John Klensin responded to Shawn Steele's comment:

> > Many people would use Unicode UTS#46 in addition to the
> > IDNA2008 RFCs:
> > 
> > http://www.unicode.org/reports/tr46/ 
> >...
> 
> Yes, and some of the tables Abdulrahman's note referred to are
> dependent on UTR 46.  But this is exactly where mapping gets us
> into trouble:
> 
> -- Use of UTR 46 with IDNA2008 reduces some incompatibilities
> with IDNA2003 and may cause a few others.   If I correctly
> understand Abdulrahman's example, it may be one of those
> incompatibilities.

It is not.

Abdulrahman's example is a straightforward case of NFC
normalization.

0623 is canonically equivalent to the sequence <0627, 0654>
and by the rules of Unicode normalization, a string <0623>
is in NFC form, but the canonically equivalent string 
<0627, 0654> is not.

As Patrik pointed out, "IDNA2008 require the string to be in NFC form".
More specifically, Section 5.2 says the result of the processing
Section 5.2 MUST be Unicode string in NFC form. And John also
echoed this:

> -- IDNA2008 itself (RFC 5890-5893) are very clear that input
> (and U-labels) must already be in NFC form.  

So Abdulrahman's example and question indicate to me a
problem with an implementation -- not with either the
RFC's or mapping.

Using a string <..., 0627, 0654, ...> as input to IDNA2008
processing should simply result in an error, not a different
(but presumed valid) punycode as the same string
mapped to <..., 0623, ...>.

But as a response to Shawn's comment, the following seems
to me to be non sequitur:

> -- While "many people" would use UTR 46, "many people" may use
> RFC 5895 instead, or no mapping at all.  They are not compatible.

The way I think Abdulrahman's example should be taken is
that local expectation (and every Unicode implementer's
expectation, for that matter) is that an input string
<..., 0627, 0654, ...> and an input string <..., 0623, ...>
SHOULD be taken as behaving equivalently, because they
are canonically equivalent, after all.

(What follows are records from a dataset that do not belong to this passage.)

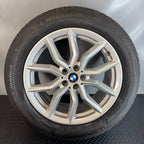 BMW X5 X6 WHEEL RIM 19 INCH 2019 2020 2021 2022 2023 2024 2025 OEM 688
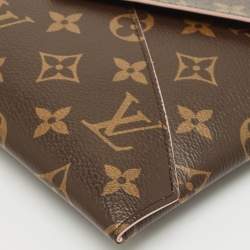 Louis Vuitton Monogram Canvas Large Kirigami Pochette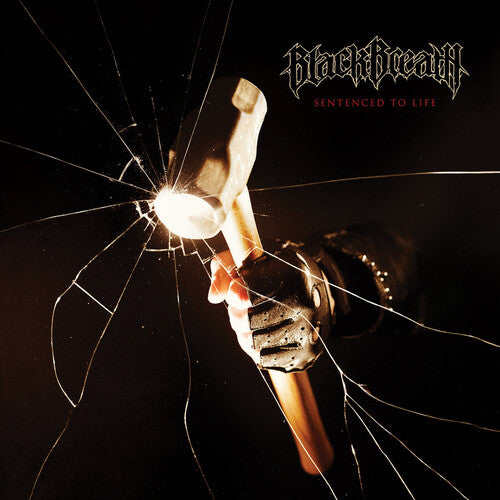 Black Breath: Sentenced To Life - VINYL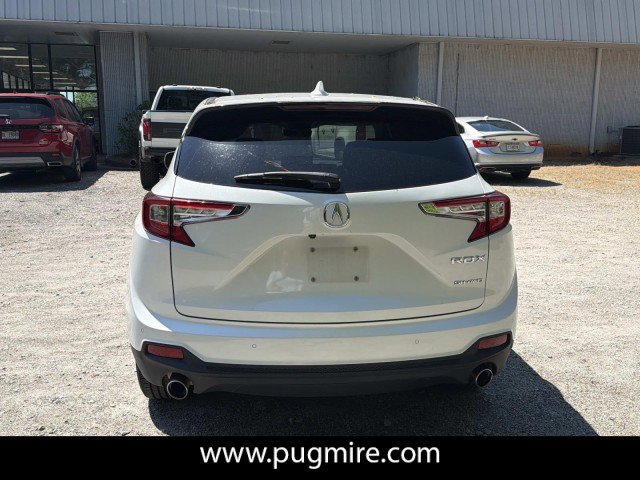 Used 2020 Acura RDX AWD w/ Technology Package image 6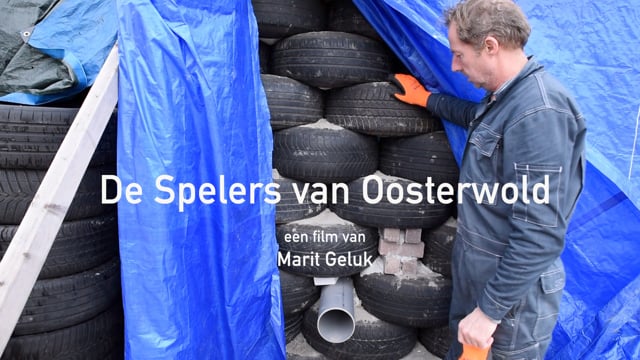 De Spelers van Oosterwold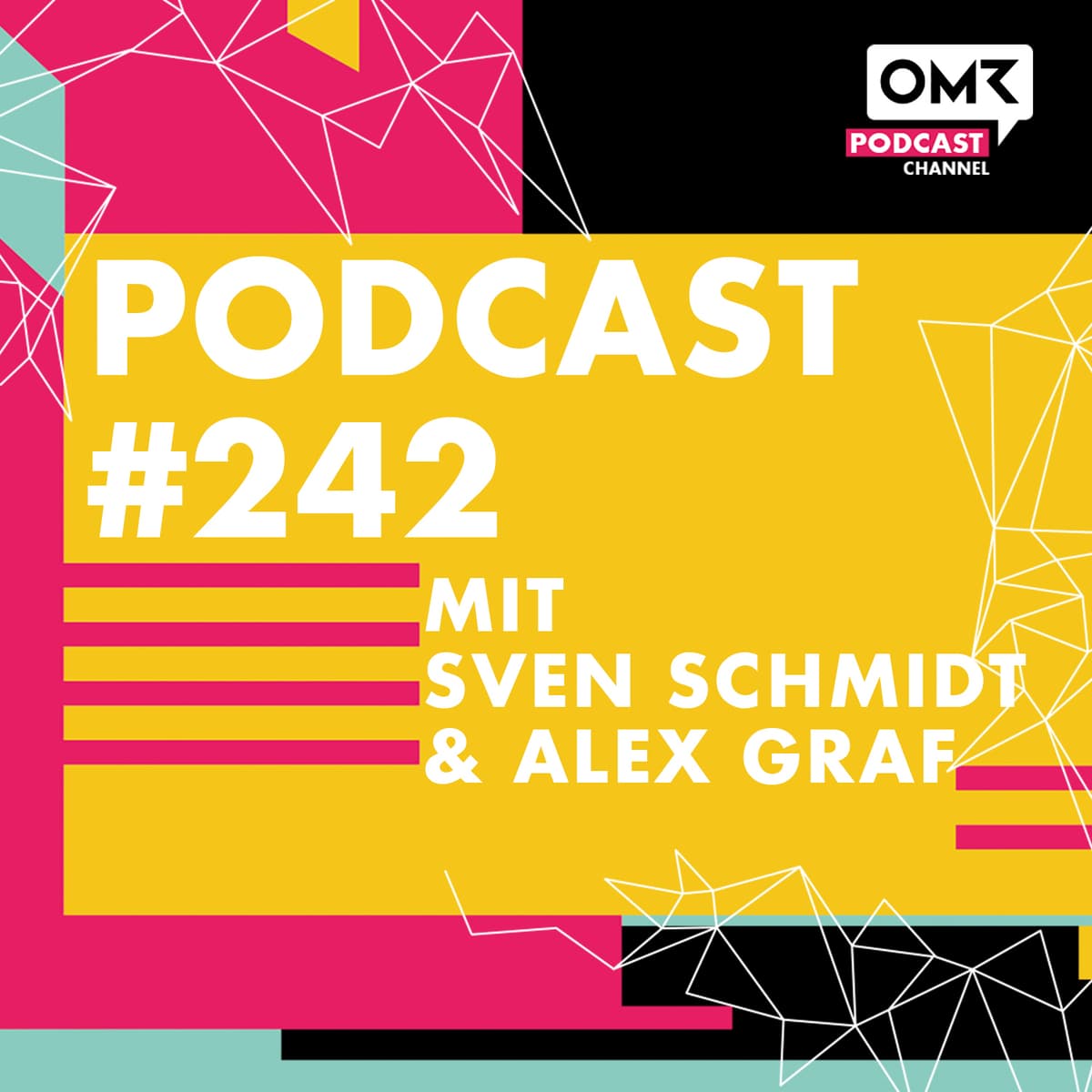 Cover OMR Podcast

You cannot satisfy
that local expectation by simply feeding both strings to
a conformant implementation of RFC 5891 unchanged, as noted
above. You would get an error for the input which is not
in NFC form.

But the answer here is to be found in the rationale document,
RFC 5894:

"In principle, an application ought to take user input of a
domain name and convert it to the set of Unicode code points
that represent the domain name the user intends. As a practical
matter, of course, determining user intent is a tricky business,
so an application needs to choose a reasonable mapping from
user input. That may differ based on the particular
circumstances of a user, dpending on locale, language, type
of input method, etc. It is up to the application to make
a reasonable choice."

In the case of canonically equivalent strings, however,
determining user intent is *NOT* a tricky business, and
the "reasonable choice" that every application should make
is to normalize the input strings ("map", if you like) to
NFC form, *before* processing according to RFC 5891. To
do otherwise would be to guarantee the kind of
head-scratching query that Abdulrahman's example presented.

That is part of the pre-processing specified in UTS #46,
and it is the non-tricky, obvious, consensual part of
that pre-processing. It doesn't even touch upon the
more difficult issue of the transitional incompatibilities
between IDNA2003 and IDNA2008.

Incidentally, the mapping recommended in RFC 5895, while
not dealing with any of the tricky transition issues,
also clearly recommends:

  "3. All characters are mapped using Unicode Normalization
      Form C (NFC). ..."
      
As I said, this is the obvious, consensual part of the
problem -- and doesn't venture at all into the murkier
waters of language- or locale-specific DWIM issues.